TASK TO CARRY OUT:
Your task is to write out the entire listing exactly, omitting its pictures.

PROVIDED DATA:
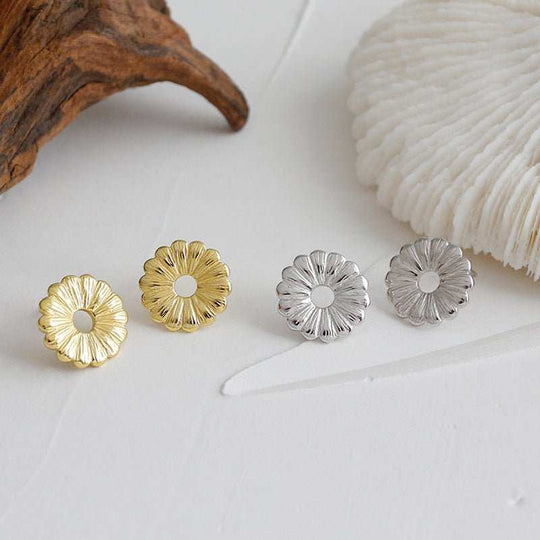 Women Chrysanthemum Flowers 925 Sterling Silver Stud Earrings - JEWELLY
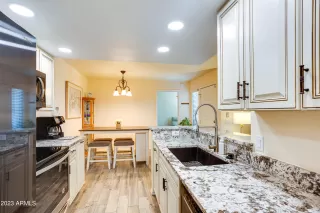 Photo #6: 6577550 Listing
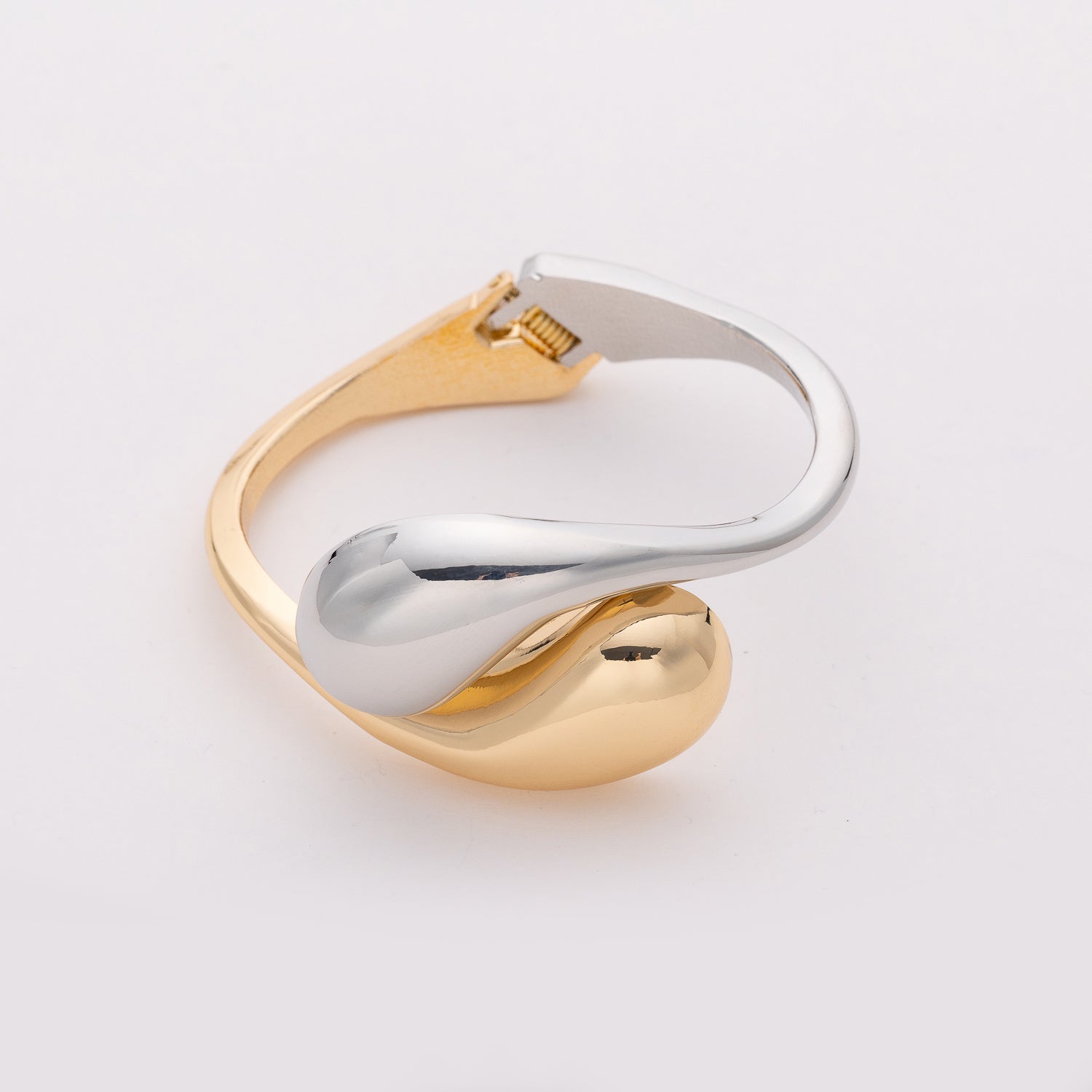 BRAZALETE RIGIDO ABIERTO PUNTAS GOTAS CRUZADAS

YOUR RESPONSE:
 Women Chrysanthemum Flowers 925 Sterling Silver Stud Earrings - JEWELLY
 Photo #6: 6577550 Listing
 BRAZALETE RIGIDO ABIERTO PUNTAS GOTAS CRUZADAS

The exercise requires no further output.